Al principio se desboca descontrolado entre peñascos, sus aguas se arrojan con pasión por cascadas y barrancos, embistiendo con fuerza los surcos en las rocas, arroyando a su paso a cualquier obstáculo. La fuerza de las aguas del deshielo liberadas de su fría prisión iniciando un largo viaje al sur.
Después, el reposo de meandros de la tierra media, una corriente de continuo movimiento en pausa, la calma, el sedimento. Un viaje apacible que parece no tener fin, amplios horizontes, riberas verdeantes, un fuerte olor a vida y primavera.
Finalmente el sur, donde el río se despoja de identidad, liberando los resquicios de su vida en un ancho curso de aguas sucias. Volcando los últimos suspiros de su aliento mortecino en la inmensidad del mar. Sus aguas se pierden, se confunden, se diluyen, mueren.

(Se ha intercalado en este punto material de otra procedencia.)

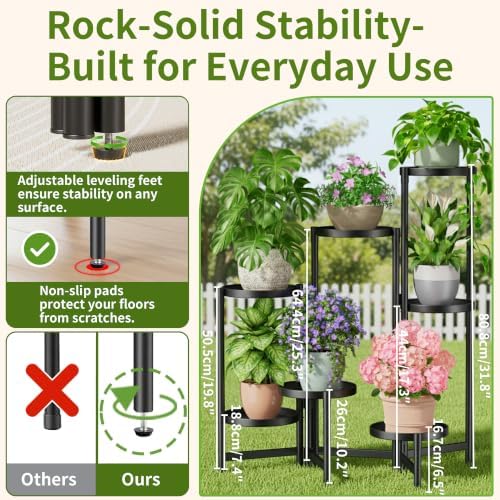 7 Tiers Plant Stand Indoor for Multiple Large Planter, Tall Tiered Folding - Image 3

Es el fin de un viaje que se inició lejos al norte, con la fuerza y la ilusión del agua nueva, que se empezó a perder en las llanuras del tránsito, entre recovecos curvos y riberas de una falso verde esperanza, un viaje que termina en estas tristes tierras del sur, aguas estancadas, corrompidas, condenadas a entregarse a la inmensidad sórdida y salada de la mar. Esas aguas liberadas de una prisión blanca y fría cuyo trágico destino tras tan largo viaje, evocan el llanto, lágrimas, agua salada, condenada a perderse también entre la muchedumbre. Un viaje que termina en este sur triste y despojado.
Lejos, muy al norte, cualquier otro frío invierno encierra entre sus carámbanos de hielo, el agua nueva de cualquier otra primavera.